►

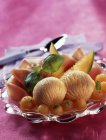 Melon sorbet and parma ham — Stock Photo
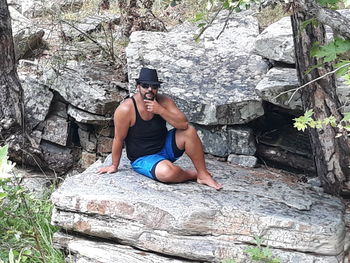 Young man sitting on rock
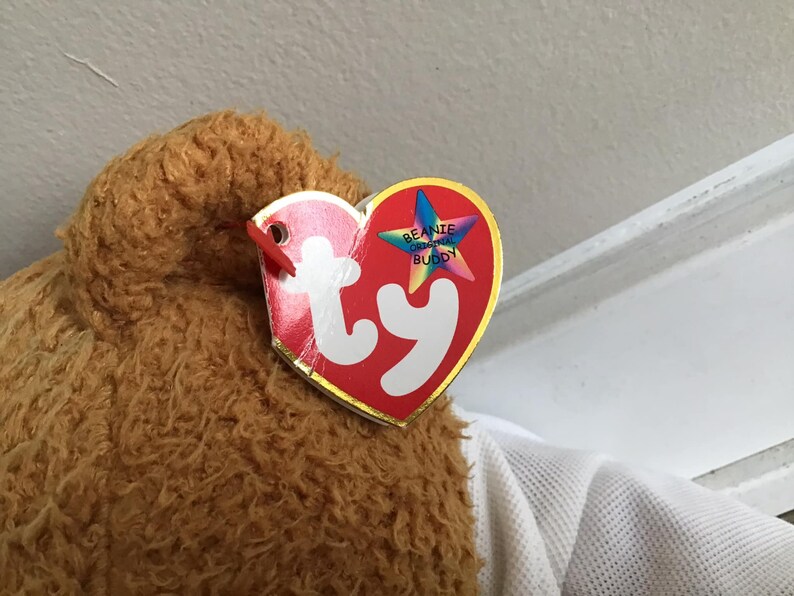 May include: Close-up of a brown and tan plush toy with a red and white Ty Beanie Original Buddy tag attached.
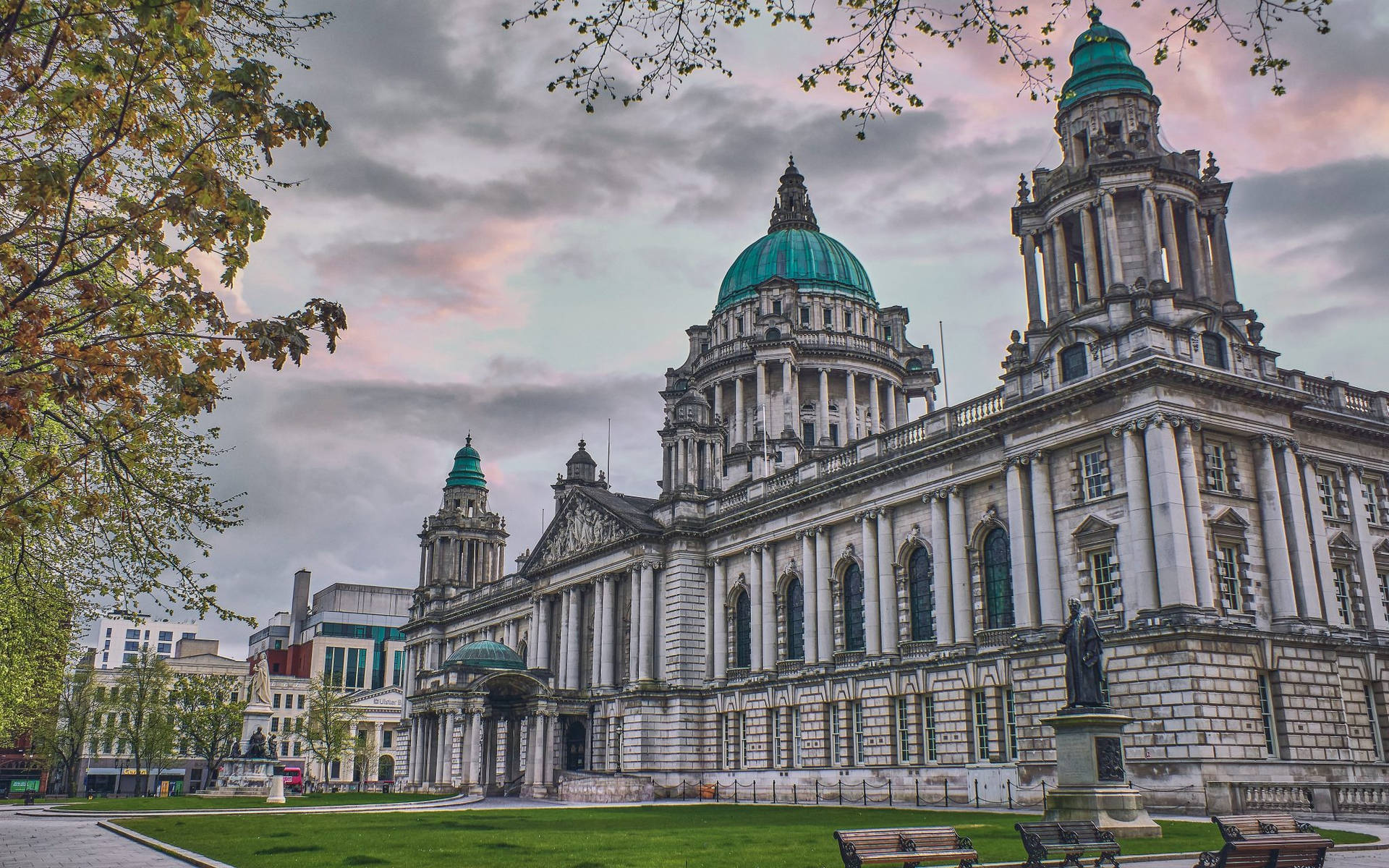 A Large Building With Green Domes Background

◄

- Instructions to follow -
The expected answer is the lines from the one that has "Young man sitting on rock" to the end of the listing, transcribed exactly, with pictures left out and no other line added.

- Problem solution -
 Young man sitting on rock
 May include: Close-up of a brown and tan plush toy with a red and white Ty Beanie Original Buddy tag attached.
 A Large Building With Green Domes Background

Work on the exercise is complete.